Warrior takes another pair of brothers, played by Edgerton and Hardy, makes ‘em both former fighters—Hardy was favored by alcoholic dad Nick Nolte; Edgerton was and is the scrappy underdog—and gives ‘em both perfectly reasonable if intensely melodramatic reasons to make a run at a Mixed Martial Arts tournament with a five million dollar purse. The two actors’ versions of toughness—Edgerton’s desperation to provide for his family, Hardy’s wounded anger—gives their parallel stories momentum, and Warrior is involving, including the way it manages to make MMA seem merely as brutal and animalistic as boxing or wrestling, and not far more. But it’s still a movie that cuts between multiple extremely vocal cheering sections watching climactic fights on television, puts women in the worried-or-dead roles, and solves most of its problems through fantastical feats of strength. It does all of this with decent skill and sensitivity; there’s nothing wrong with a slice or two of cheese. Just please don’t start calling this some kind of little movie that could.

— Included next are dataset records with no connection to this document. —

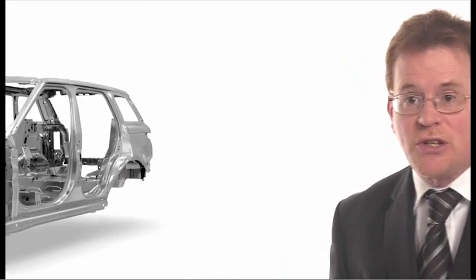So what is so special about the body on the new Range Rover Sport? Well, the body engineering team are particularly proud of some of the achievements that we've made.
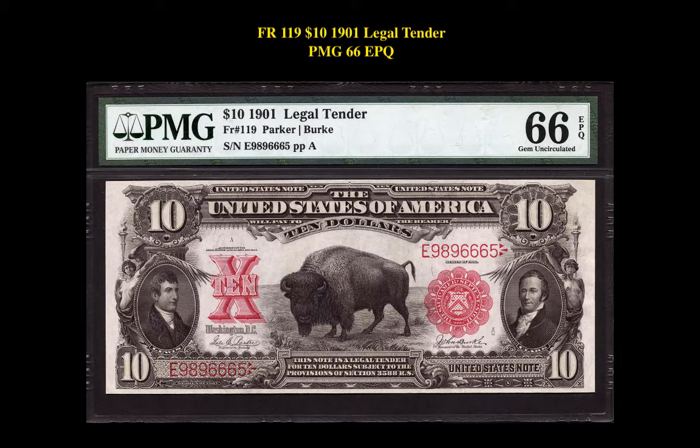Our fourth note is a Friedberg 119, $10, 1901 Legal Tender, PMG 66 EPQ. This bison note is currently listed at $16,000.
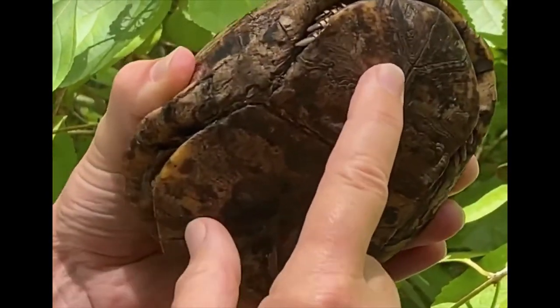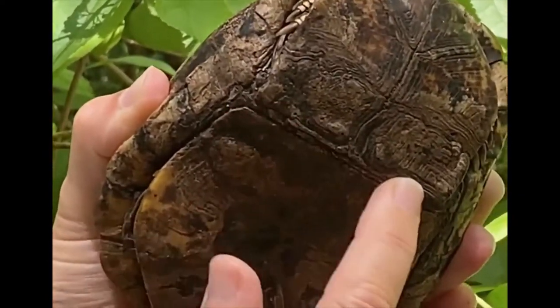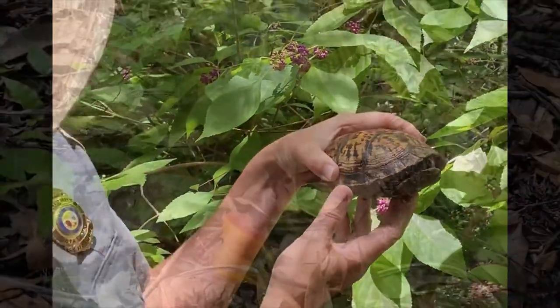They close up tight like a box, and that helps protect them against predators like foxes, raccoons, bears, and coyotes. They have this nice hinge right here. The males also have a slight concave on their plastron right here, which helps them to mate with the female. So that's a box turtle.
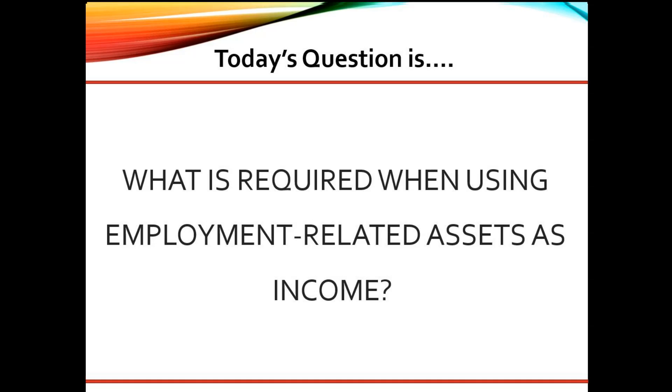Great question. As a senior underwriter, here are my thoughts. Employment-related assets can be used as income, such as lump sum severance, 401k, IRA, or other retirement assets.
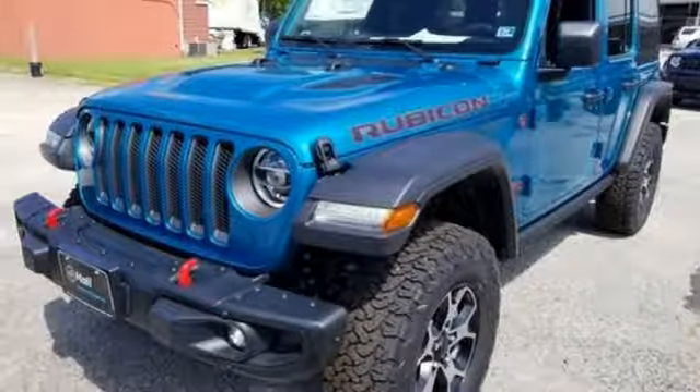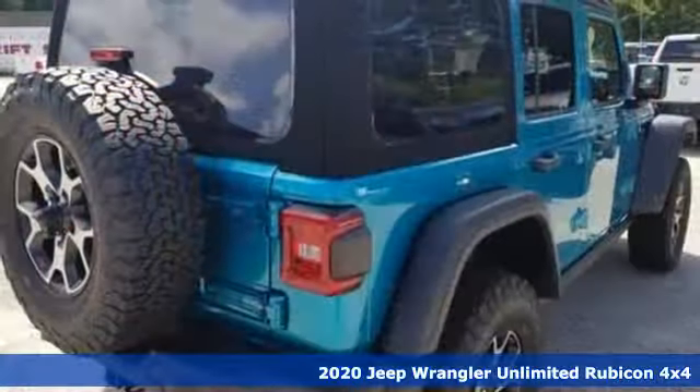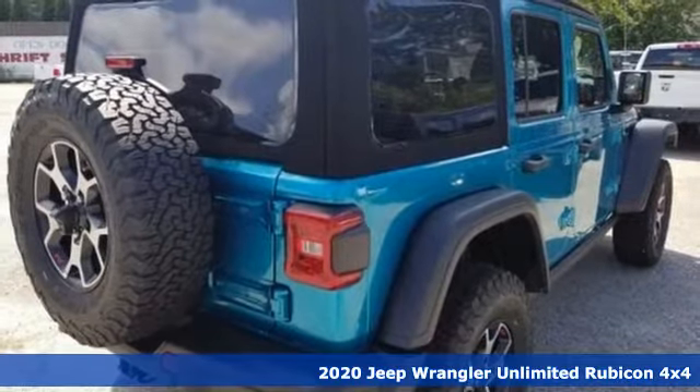It's a new 2020 Jeep Wrangler Unlimited. Everywhere you want to go, anything you want to do, Jeep takes you there.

Bucky Larson: Born to Be a Star: For the frequency of Happy Madison’s Goofy Name: Dopey Subtitle formula, in which an Adam Sandler cohort is given a character too goony even for the Sandman in his prime (see David Spade in Dickie Roberts: Former Child Star; David Spade in Joe Dirt; Rob Schneider in Deuce Bigalow: Male Gigolo), you’d think it would have yielded hit after hit, rather than, you know, one (take a bow, Deuce Bigalow). But I guess even movies like Grandma’s Boy probably do OK on DVD and don’t cost much to produce, which means that it’s Nick Swardson’s turn for Bucky Larson, a long-shelved sex comedy that will almost certainly include very little sex.
Swardson plays a bucktoothed goon with a cartoon accent who finds out that his parents were porn actors and pursues “stardom” in the business himself. Actually, like Dickie Roberts: Former Child Star, this isn’t a bad high-concept broad-comedy pitch—but I’m sure the resemblance continues right down to the movie sucking. Nonetheless, some kind of audience will eventually find this movie; I’m pretty sure there hasn’t been a broad grotesque studio comedy made in the last decade that didn’t pick up some kind of misguided DVD following. In fact, I’d love to see a statistical analysis comparing the mangy cult followings of, say, Strange Wilderness (never seen it) to, say, Dirty Work (saw it twice in the theaters, own the VHS!), though maybe that study should wait until Peter Dante gets his own Sandler-produced crapfest.